The attendees will be provided with the presentation slides, together with a comprehensive list of papers and reports of interest, aimed on the one hand at letting attendees be acquainted with the topic, and on the other hand to promote the research in this interesting interdisciplinary area.
Nicola Conci is Associate Professor at the Department of Information Engineering and Computer Science, University of Trento, where he teaches Computer Vision and Signal Processing. He received his Ph.D in 2007 from the same University. In 2007 he was a visiting student at the Image Processing Lab. at University of California Santa Barbara. In 2008 and 2009 he was post-doc researcher in the Multimedia and Vision research group at Queen Mary University of London.

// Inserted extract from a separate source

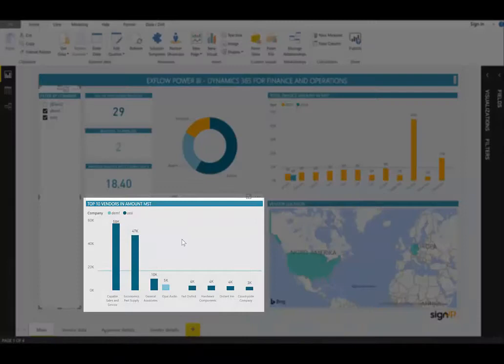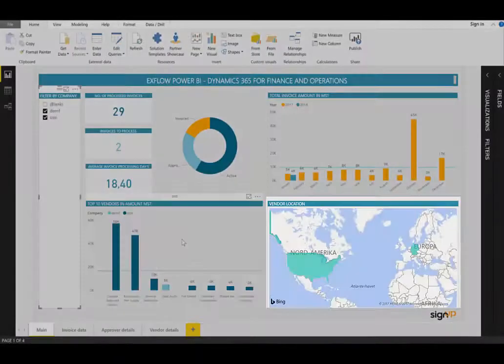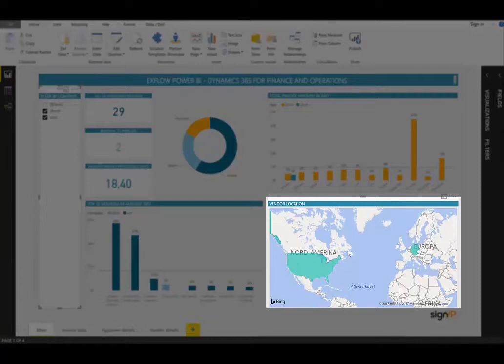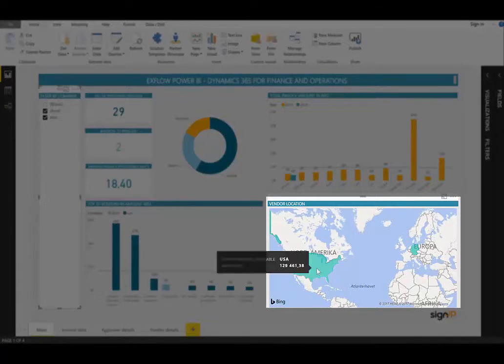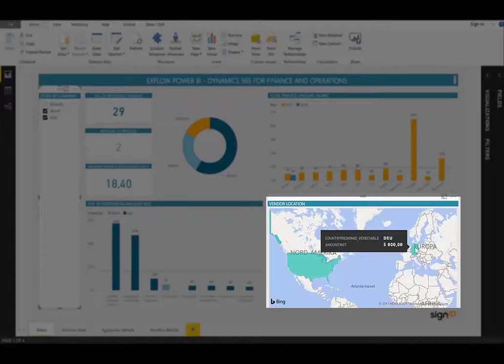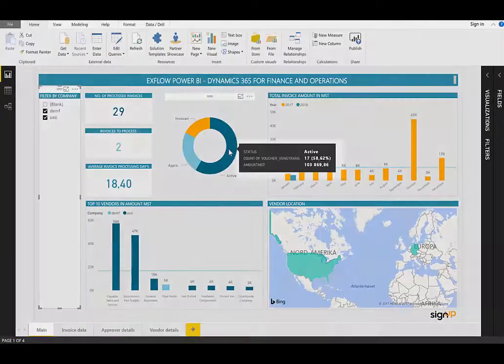On the top right, we can see the total invoice amount in currency, and this is by 2017 and 2018 currently. On the bottom left, we have the top 10 vendors by invoice amount, and on the bottom right, we have a geographical representation, so a map showing where the majority of our invoices are coming from. In this case, we can see that the majority is in North America, with some in Europe also.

Prof. Conci has authored and co-authored more than 130 papers in peer-reviewed journals and conferences. His current research interests are related to video analysis and computer vision applications for behavioral understanding and monitoring, coordinating a team of 6 Ph.D Students, 1 post-doc and 2 junior researchers.

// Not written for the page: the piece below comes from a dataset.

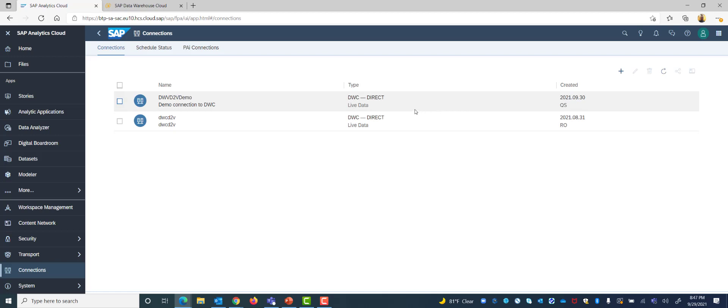So we now have successfully set up a live connection between Data Warehouse Cloud and SAP Analytics Cloud. So let's go to the next portion of our slide presentation before we continue with the demo.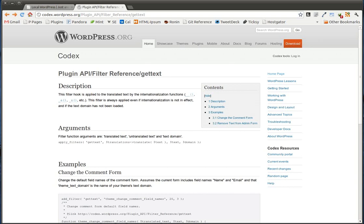Hey everybody, this is Pippin with PippinsPlugins.com and I'm going to give you an introduction to the GetText Filter in WordPress today.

At the University of Trento he coordinates the M.Sc. Degree in Information and Communications Engineering, he is member of the executive committee of the IECS Doctoral School, and he is delegate for the department of the research activities related to the Winter Olympic Games Milano-Cortina 2026.
He has served as Co-chair of several conferences, including the 1st and 2nd International Workshop on Computer Vision for Winter Sports, hosted at IEEE WACV 2022 and 2023, General Co-Chair of the International Conference on Distributed Smart Cameras 2019, General Co-Chair of the Symposium Signal Processing for Understanding Crowd Dynamics, held at IEEE AVSS 2017, and Technical Program Co-Chair of the Symposium Signal Processing for Understanding Crowd Dynamics, IEEE GlobalSip 2016.
Niccolò Bisagno received his Ph.D in 2020 from the ICT International Doctoral School of the University of Trento, Italy, for the thesis “On simulating and predicting pedestrian trajectories in a crowd”. In 2019, he was visiting PhD student at the University of Central Florida, Orlando, USA. In 2018, he was visiting Ph.D student at the Alpen-Adria-Universität, Klagenfurt , Austria.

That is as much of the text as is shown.